I generated an RSA key pair with SecKeyGeneratePair. The key size in bits is 2048.
NSDictionary *privateAttributes = @{(NSString *)kSecAttrIsPermanent: @YES, (NSString *)kSecAttrApplicationTag: PrivTag};
NSDictionary *publicAttributes = @{(NSString *)kSecAttrIsPermanent: @YES, (NSString *)kSecAttrApplicationTag: PubTag};
NSDictionary *pairAttributes = @{(NSString *)kSecAttrKeyType: (NSString *)kSecAttrKeyTypeRSA, (NSString *)kSecAttrKeySizeInBits: @2048, (NSString *)kSecPublicKeyAttrs: publicAttributes, (NSString *)kSecPrivateKeyAttrs: privateAttributes};
SecKeyRef publicKeyRef;
SecKeyRef privateKeyRef;
OSStatus osStatus = SecKeyGeneratePair((CFDictionaryRef)pairAttributes, &publicKeyRef, &privateKeyRef);
switch (osStatus) {
case noErr:
break;
default:
break;
}
Create the X.509 format of the public key and send it to the server.

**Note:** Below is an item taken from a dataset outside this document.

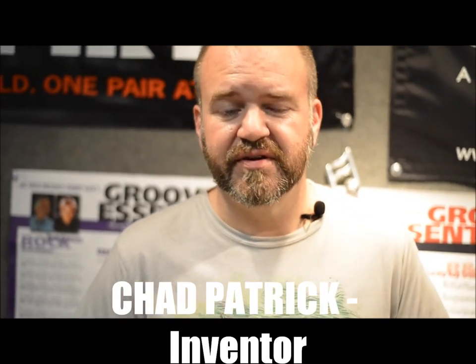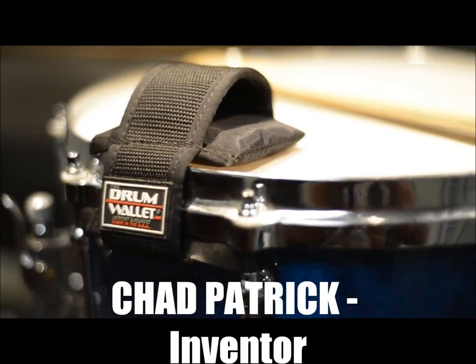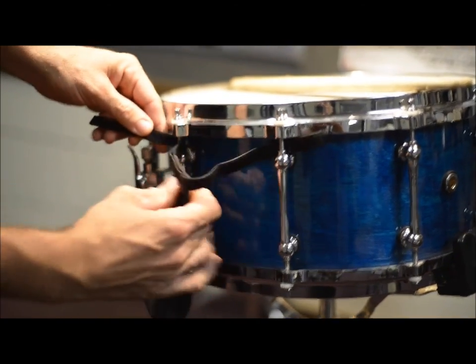Thank you for taking the time to watch this video and for your interest in the Drum Wallet. If you want a product that controls your snare drum overtones, can be removed and reapplied in one second, and doubles the sonic potential of your snare drum without adhesives,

Create the SHA256 digest of the custom string with CC_SHA256.
NSMutableData *hash = [NSMutableData dataWithLength:(NSUInteger)CC_SHA256_DIGEST_LENGTH];
NSData *data = [stringToSign dataUsingEncoding:NSUTF8StringEncoding];
CC_SHA256(data.bytes, (CC_LONG)data.length, hash.mutableBytes);
Sign the string with SecKeyRawSign method using kSecPaddingPKCS1SHA256.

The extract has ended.